Solved – T-test / ANOVA on Box-Cox transformed non-normal data

anovadata transformationregressiont-test

Suppose I apply a Box-Cox transformation to my data and now it looks rather like a normal distribution. I then add another dataset, transform it by Box-Cox with the same lambda and run a t-test to compare the means. Would this approach make sense if my data is non-normal by its nature? In other words, is the fact that a Box-Cox transform produces a Gaussian-like distribution sufficient to then use standard methods for normally distributed data such as t-test and ANOVA?

Update – to formulate this question a bit more specifically: I want to test whether there are significant differences between the means of two samples. I can see that the distributions in each sample are very much non-normal. My question is: if I force them to look normal by using a transformation, will this be enough to essentially forget about their "original" non-normal nature for testing this hypothesis?

Update 2 – I suppose my question is similar in spirit to this one, which asked the same thing about log-transformation.

Best Answer

If you're interested in comparing means, once you transform you end up with a comparison of things that are not means.
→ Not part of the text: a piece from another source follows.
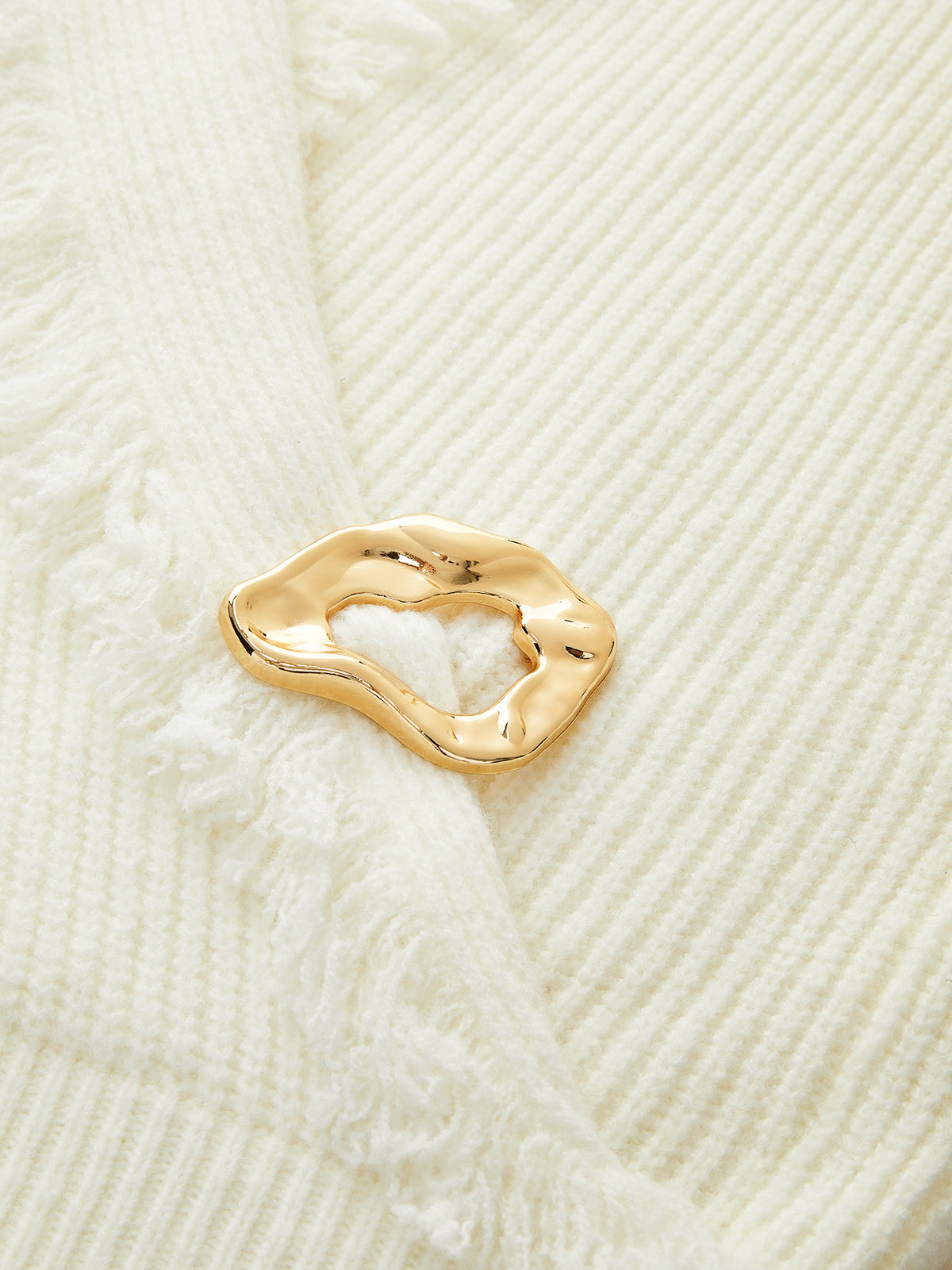 Wrap Fringe Wool Blend Sweater Beige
If the right assumptions hold you can still test for a difference, but the alternative won't be location-shift.

I didn't want the details to detract form the general point.

On the other - and more important - hand, if you omit essential details you'll be more likely to end up with less useful - or even potentially misleading - answers that you won't even realize aren't the answers you need.

By leaving out the fact that you were dealing with count data, you were risking exactly that. While leaving out unnecessary detail is probably useful, knowing it's count data is pretty much central to the problem.

There are techniques for comparing means that are suitable for count data. With some more information about the kind of analysis/information you were after (even if it's what you would have done if the data were normal), we may be able to guide you better.

Transformation is less useful than doing something suited to your actual data.